そこで、昨年(2022年)9月に100周年を迎えた東急グループを代表し、『東急百年-私鉄ビジネスモデルのゲームチェンジ-』の著者でもある東急株式会社 常務執行役員 東浦亮典氏をゲストにお迎えし、東急グループの100年を通じて育んだブランドや今後のビジョン、100周年を機に取り組んだブランディング施策の内側についてご紹介いただくと共にパネルディスカッションを行いましたので、その様子を2回に分けて、お届けいたします。

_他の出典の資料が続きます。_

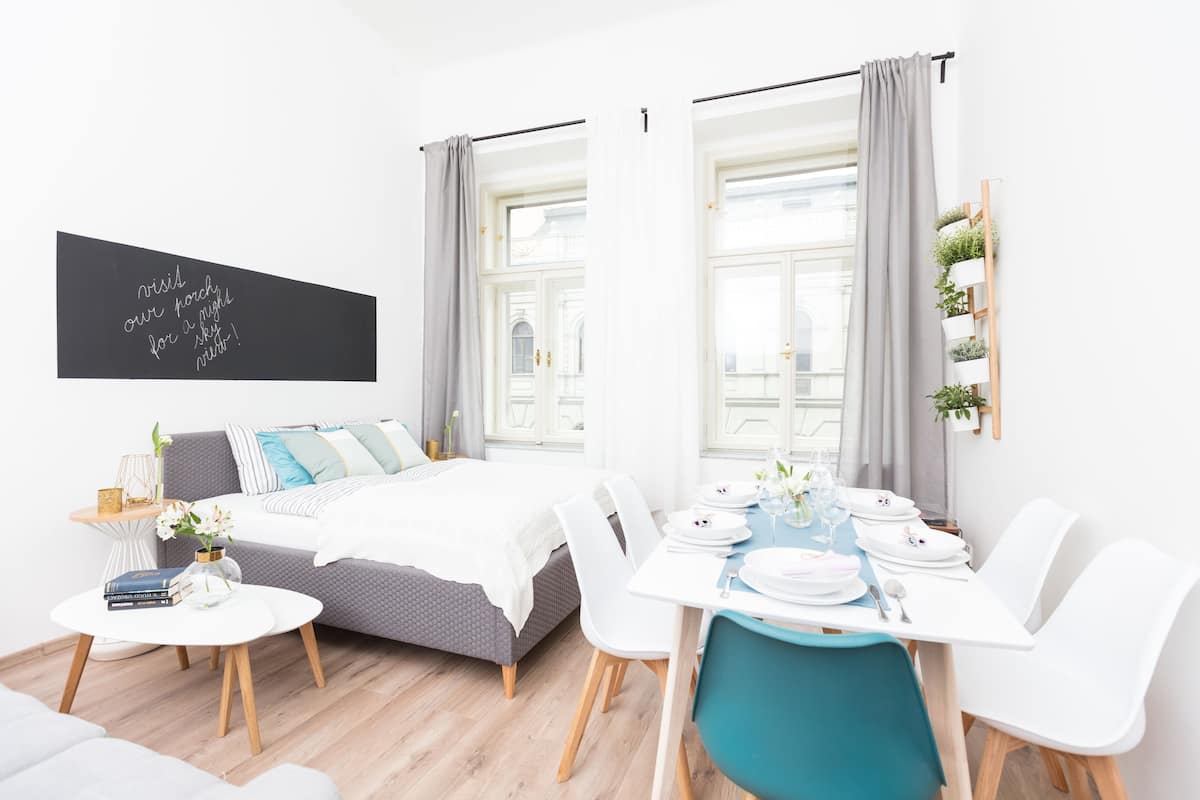 A modern hotel room with a bed, a dining table set for two, and a small seating area.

PART1:東急株式会社 常務執行役員 東浦亮典氏によるプレゼンテーション
PART2:パネルディスカッション
(PART2 の記事はこちら)
【東急株式会社様 HP】https://www.tokyu.co.jp/index.html
【東急株式会社様 100周年記念サイト】https://www.tokyu.co.jp/tokyu/
まずは、東急株式会社 常務執行役員 東浦亮典氏による「東急グループ創立100周年を通じた取り組みと挑戦」と題したプレゼンテーションの内容をご紹介します。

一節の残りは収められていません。